Erbeten werden Vorträge zu epistemischen Reise-Ereignissen, seien sie literarisch, wissenschaftlich, religiös oder anders motiviert. Übergreifend fragt die Tagung nach der theoretischen Fassbarkeit und der konstitutiven Bedeutung des Nicht-Wissens für das Reisen, nach seinen produktiven oder hemmenden Funktionen, ästhetischen Markierungen und konkreten Erscheinungsformen in unterschiedlichen Medien, nach seiner Integration in die Diskurse des Wissens sowie nach seinem historisch ablesbaren Wandel. Der Fokus kann dabei auf den Akteuren und Praktiken des Reisens, auf den Objekten, die sie hervorbringen und in Bewegung versetzen, oder auf den diskursiven, medialen und ästhetischen Bedingungen und Traditionen des Reisewissens liegen. Untersuchungsgegenstand können etwa apodemische Abhandlungen oder Memoiren, wissenschaftliche Reiseberichte, Korrespondenzen oder Tagebücher, Skizzen, Fotografien, Werke der bildenden Kunst, Reiseromane und -filme oder die Zeit- und Weltraum-Reisen des Science-Fiction-Kinos sein.

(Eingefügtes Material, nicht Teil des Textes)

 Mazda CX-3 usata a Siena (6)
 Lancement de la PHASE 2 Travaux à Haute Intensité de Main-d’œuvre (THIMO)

Die Reise muss dabei nicht notwendig im geographischen Raum stattfinden, vielmehr wird die Figur der Reise selbst als ein Mechanismus der Verräumlichung des Wissens begriffen, womit auch andere Wissensräume ins Blickfeld treten können, in denen Grenzen zwischen Wissen und Nicht-Wissen gezogen werden.

 

Abstracts von maximal 500 Wörtern inklusive einiger kurzer bio-bibliografischer Angaben senden Sie bitte bis zum 31. Mai 2013 an folgende Adresse: hkfz@uni-trier.de Kosten für Reise und Unterkunft werden vom HKFZ erstattet. Im Anschluss an die Tagung ist eine Publikation geplant.

 

Literatur:

Michael Bies/Michael Gamper (Hg.): Literatur und Nicht-Wissen. Historische Konstellationen 1730–1930, Zürich 2012.

Achim Geisenhanslüke: Dummheit und Witz. Poetologie des Nichtwissens, München 2011.

Hans Adler/Rainer Godel (Hg.): Formen des Nichtwissens der Aufklärung, München 2010.

David Gugerli u.a. (Hg.): Nichtwissen, Zürich 2009 (= Nach Feierabend. Zürcher Jahrbuch für Wissenschaftsgeschichte, Bd. 5).